YOUR INSTRUCTIONS =>
Could you restate all of the records exactly, leaving out the pictures?

Data excerpts:
▼

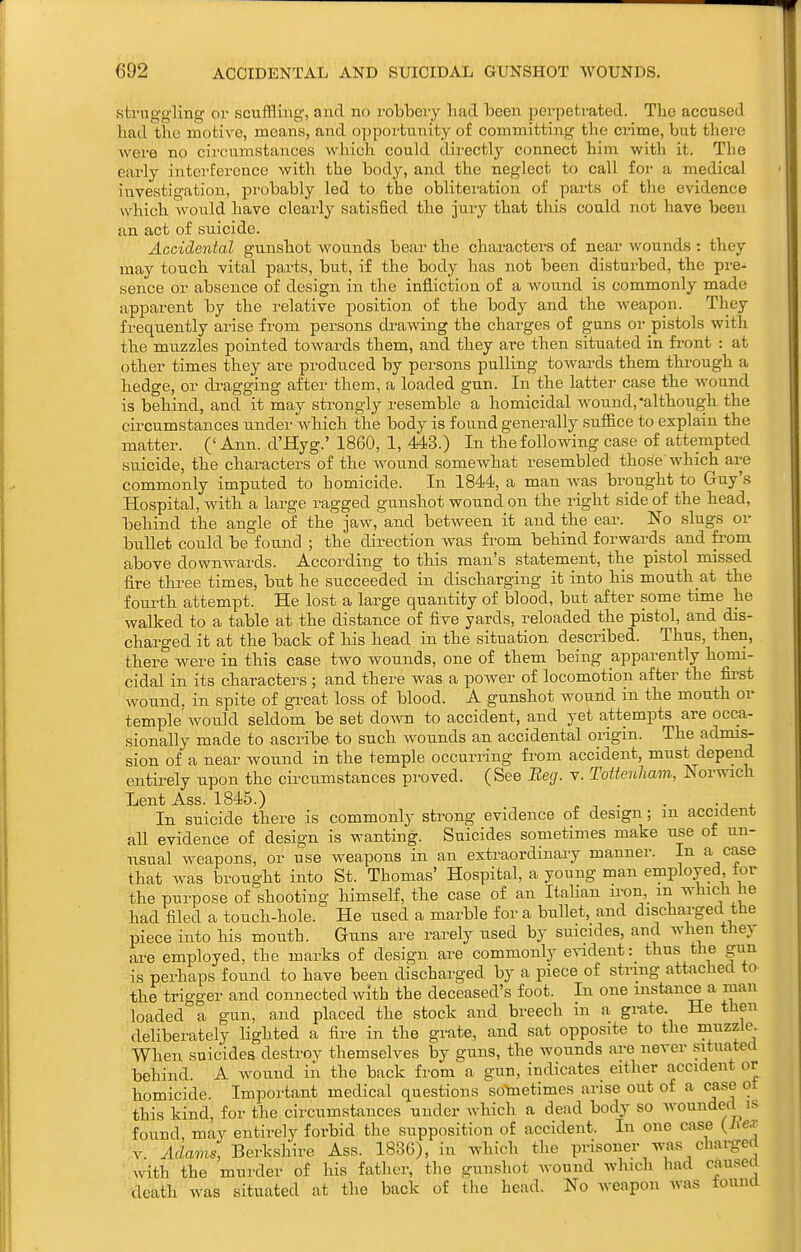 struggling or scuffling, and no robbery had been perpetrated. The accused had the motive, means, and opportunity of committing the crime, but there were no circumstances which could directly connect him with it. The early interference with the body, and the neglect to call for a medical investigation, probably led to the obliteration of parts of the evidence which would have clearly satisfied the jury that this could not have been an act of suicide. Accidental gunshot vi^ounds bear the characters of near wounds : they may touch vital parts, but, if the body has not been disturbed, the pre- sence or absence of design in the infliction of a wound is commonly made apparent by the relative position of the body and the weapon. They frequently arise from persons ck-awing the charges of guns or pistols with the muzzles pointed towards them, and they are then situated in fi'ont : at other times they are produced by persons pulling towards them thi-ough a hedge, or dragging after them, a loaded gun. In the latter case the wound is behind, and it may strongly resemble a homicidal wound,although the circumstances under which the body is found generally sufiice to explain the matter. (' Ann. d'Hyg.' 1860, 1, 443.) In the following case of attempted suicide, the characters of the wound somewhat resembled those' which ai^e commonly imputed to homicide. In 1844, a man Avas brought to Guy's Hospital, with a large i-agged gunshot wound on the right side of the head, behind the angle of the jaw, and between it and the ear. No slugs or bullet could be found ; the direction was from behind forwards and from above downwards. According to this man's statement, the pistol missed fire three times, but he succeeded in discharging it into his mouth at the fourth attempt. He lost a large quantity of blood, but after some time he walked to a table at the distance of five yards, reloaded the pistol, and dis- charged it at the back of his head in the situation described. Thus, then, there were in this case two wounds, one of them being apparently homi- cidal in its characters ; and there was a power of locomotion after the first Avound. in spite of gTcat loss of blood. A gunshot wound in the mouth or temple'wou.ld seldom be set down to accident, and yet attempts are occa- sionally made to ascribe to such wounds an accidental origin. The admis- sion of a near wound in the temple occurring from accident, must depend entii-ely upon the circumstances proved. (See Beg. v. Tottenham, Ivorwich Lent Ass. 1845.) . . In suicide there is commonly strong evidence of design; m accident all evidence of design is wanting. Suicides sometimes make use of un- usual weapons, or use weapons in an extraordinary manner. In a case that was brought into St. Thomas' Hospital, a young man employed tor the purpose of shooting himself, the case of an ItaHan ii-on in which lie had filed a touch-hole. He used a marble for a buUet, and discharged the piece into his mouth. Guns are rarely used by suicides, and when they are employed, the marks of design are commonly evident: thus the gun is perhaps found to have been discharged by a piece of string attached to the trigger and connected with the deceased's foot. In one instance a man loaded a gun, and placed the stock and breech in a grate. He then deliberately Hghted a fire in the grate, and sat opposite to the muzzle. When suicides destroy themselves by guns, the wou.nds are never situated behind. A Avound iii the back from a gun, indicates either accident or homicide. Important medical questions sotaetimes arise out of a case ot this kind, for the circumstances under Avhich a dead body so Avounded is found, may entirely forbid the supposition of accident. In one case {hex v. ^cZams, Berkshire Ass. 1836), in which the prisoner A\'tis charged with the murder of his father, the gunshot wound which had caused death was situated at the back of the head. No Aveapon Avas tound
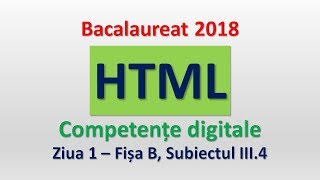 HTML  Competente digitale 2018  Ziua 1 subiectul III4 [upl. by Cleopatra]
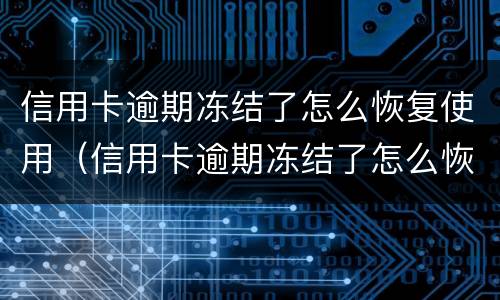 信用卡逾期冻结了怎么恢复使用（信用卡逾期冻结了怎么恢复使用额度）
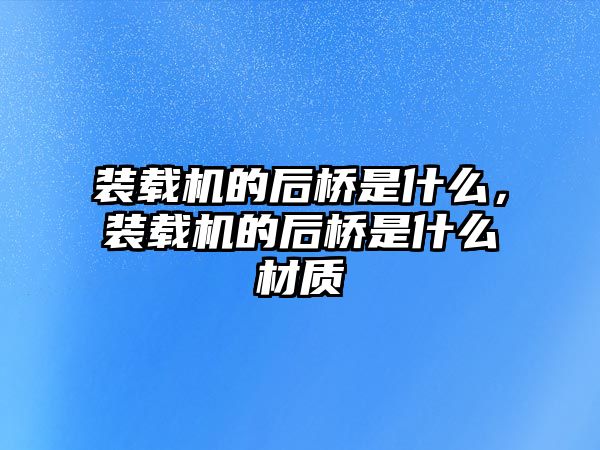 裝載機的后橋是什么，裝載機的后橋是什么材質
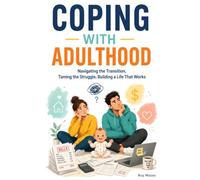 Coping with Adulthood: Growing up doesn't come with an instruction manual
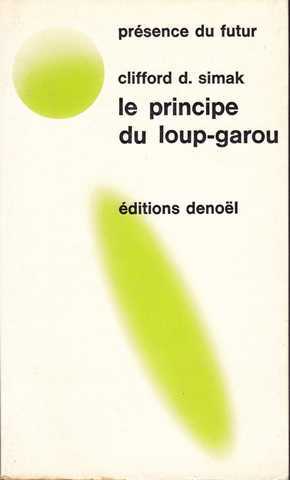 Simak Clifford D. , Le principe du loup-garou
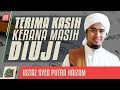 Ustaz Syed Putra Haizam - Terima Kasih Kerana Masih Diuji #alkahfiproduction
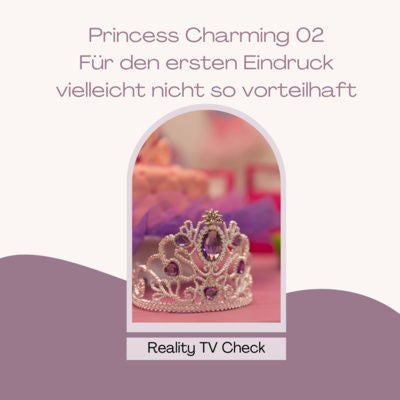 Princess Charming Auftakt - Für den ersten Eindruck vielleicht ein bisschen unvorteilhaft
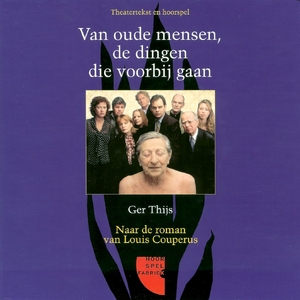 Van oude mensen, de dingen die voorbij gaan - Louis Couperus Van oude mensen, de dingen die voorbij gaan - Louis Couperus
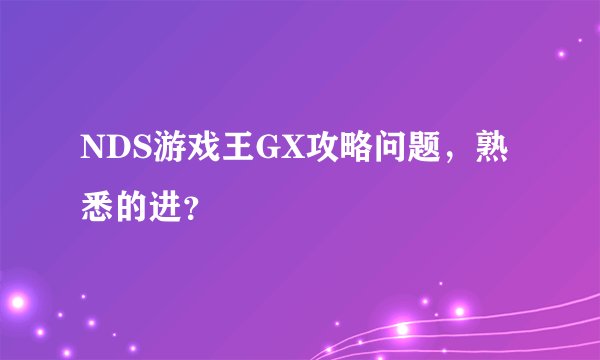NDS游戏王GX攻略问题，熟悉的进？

▲

SOLVED EXERCISE =>
 struggling or scuffling, and no robbery had been perpetrated. The accused had the motive, means, and opportunity of committing the crime, but there were no circumstances which could directly connect him with it. The early interference with the body, and the neglect to call for a medical investigation, probably led to the obliteration of parts of the evidence which would have clearly satisfied the jury that this could not have been an act of suicide. Accidental gunshot vi^ounds bear the characters of near wounds : they may touch vital parts, but, if the body has not been disturbed, the pre- sence or absence of design in the infliction of a wound is commonly made apparent by the relative position of the body and the weapon. They frequently arise from persons ck-awing the charges of guns or pistols with the muzzles pointed towards them, and they are then situated in fi'ont : at other times they are produced by persons pulling towards them thi-ough a hedge, or dragging after them, a loaded gun. In the latter case the wound is behind, and it may strongly resemble a homicidal wound,although the circumstances under which the body is found generally sufiice to explain the matter. (' Ann. d'Hyg.' 1860, 1, 443.) In the following case of attempted suicide, the characters of the wound somewhat resembled those' which ai^e commonly imputed to homicide. In 1844, a man Avas brought to Guy's Hospital, with a large i-agged gunshot wound on the right side of the head, behind the angle of the jaw, and between it and the ear. No slugs or bullet could be found ; the direction was from behind forwards and from above downwards. According to this man's statement, the pistol missed fire three times, but he succeeded in discharging it into his mouth at the fourth attempt. He lost a large quantity of blood, but after some time he walked to a table at the distance of five yards, reloaded the pistol, and dis- charged it at the back of his head in the situation described. Thus, then, there were in this case two wounds, one of them being apparently homi- cidal in its characters ; and there was a power of locomotion after the first Avound. in spite of gTcat loss of blood. A gunshot wound in the mouth or temple'wou.ld seldom be set down to accident, and yet attempts are occa- sionally made to ascribe to such wounds an accidental origin. The admis- sion of a near wound in the temple occurring from accident, must depend entii-ely upon the circumstances proved. (See Beg. v. Tottenham, Ivorwich Lent Ass. 1845.) . . In suicide there is commonly strong evidence of design; m accident all evidence of design is wanting. Suicides sometimes make use of un- usual weapons, or use weapons in an extraordinary manner. In a case that was brought into St. Thomas' Hospital, a young man employed tor the purpose of shooting himself, the case of an ItaHan ii-on in which lie had filed a touch-hole. He used a marble for a buUet, and discharged the piece into his mouth. Guns are rarely used by suicides, and when they are employed, the marks of design are commonly evident: thus the gun is perhaps found to have been discharged by a piece of string attached to the trigger and connected with the deceased's foot. In one instance a man loaded a gun, and placed the stock and breech in a grate. He then deliberately Hghted a fire in the grate, and sat opposite to the muzzle. When suicides destroy themselves by guns, the wou.nds are never situated behind. A Avound iii the back from a gun, indicates either accident or homicide. Important medical questions sotaetimes arise out of a case ot this kind, for the circumstances under Avhich a dead body so Avounded is found, may entirely forbid the supposition of accident. In one case {hex v. ^cZams, Berkshire Ass. 1836), in which the prisoner A\'tis charged with the murder of his father, the gunshot wound which had caused death was situated at the back of the head. No Aveapon Avas tound
 HTML  Competente digitale 2018  Ziua 1 subiectul III4 [upl. by Cleopatra]
 信用卡逾期冻结了怎么恢复使用（信用卡逾期冻结了怎么恢复使用额度）
 裝載機的后橋是什么，裝載機的后橋是什么材質
 Coping with Adulthood: Growing up doesn't come with an instruction manual
 Simak Clifford D. , Le principe du loup-garou
 Ustaz Syed Putra Haizam - Terima Kasih Kerana Masih Diuji #alkahfiproduction
 Princess Charming Auftakt - Für den ersten Eindruck vielleicht ein bisschen unvorteilhaft
 Van oude mensen, de dingen die voorbij gaan - Louis Couperus Van oude mensen, de dingen die voorbij gaan - Louis Couperus
NDS游戏王GX攻略问题，熟悉的进？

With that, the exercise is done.